Things certainly aren’t rosy for the UK’s economic recovery as far as the Bank of England is concerned.
The average EBITDA profit was some £16.5m – a 41 per cent increase on the year before.
But despite January 2022’s year-on-year increase in new car registrations, the SMMT has cut its 2022 forecast for new car sales by 3.2 per cent from 1.96m to 1.897m – a 17.9 per cent drop on 2019’s pre-pandemic figure – because of the ongoing microchip shortages, rising inflation and cost-of-living squeeze.
The Bank doubled the rate of interest on Thursday (Feb 3) to 0.5 per cent, and predicted that inflation would reach 7.25 per cent in April, after previously forecasting that it would hit five per cent.
And its monetary policy committee reckons inflation will still be north of five per cent come 2023.
The Bank’s governor, Andrew Bailey, has also urged workers to avoid asking for excessive pay rises to prevent inflation increasing further.
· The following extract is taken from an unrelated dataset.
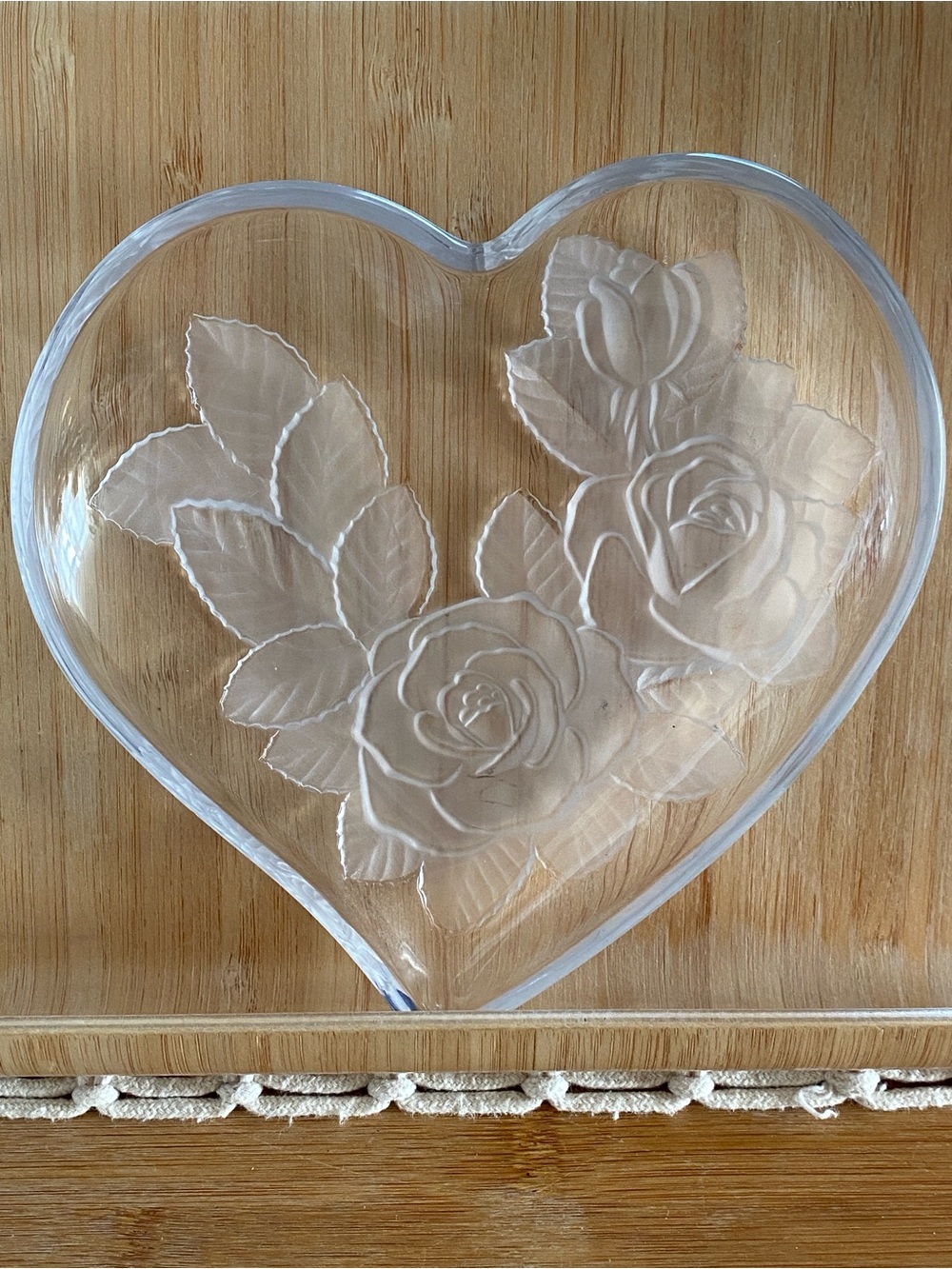 Vintage “Winter Rose” Heart-Shaped Glass Vanity/Trinket Dish | Studio Nova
Bailey – who took home £575,538 in pay and benefits last year – told BBC Radio 4’s Today programme on Friday (Feb 4) that staff should show restraint on pay, despite soaring energy bills as the cost of living crisis bites.
Meanwhile, the Bank believes the economy will grow by just 3.75 per cent rather than the five per cent that it said earlier, and unemployment – 4.1 per cent between September and November – is now expected to reach five per cent later this year after dipping to 3.8 per cent for January to March.
Separately, the CBI wants Rishi Sunak to get pro-active with car dealerships as it urges the government to change its way of thinking if Britain’s economy is to grow more quickly.
Director-general Tony Danker said in his first major speech of the year that the government was caught in a ‘high-spending, high-tax, low-growth trap’.
He urged the government to aim higher to break out of the vicious circle.
One of his suggested policy shifts was to replace the super-deduction allowances, which were brought in last April and will be ending on March 31 2023, with a permanent 100 per cent tax deduction relating to capital spending.
The super-deduction allows companies to cut their tax bill by up to 25p for every £1 that they invest.
Danker said: ‘I want to see Rishi outside a car dealership saying: “You can pay loads more tax if you want to – or you can invest more, pay less, grow your business and serve your country!”’
It remains to be seen if the combined and increasing pressure on the pound in people’s pockets – already said to be forcing many to choose between heating or eating as energy prices sky-rocket – has a direct impact on car sales.
But when the ever-present global semiconductor crisis that is continuing to cause a car shortage is added in, will 2022 turn out to be the hangover from 2021’s party as far as dealers are concerned?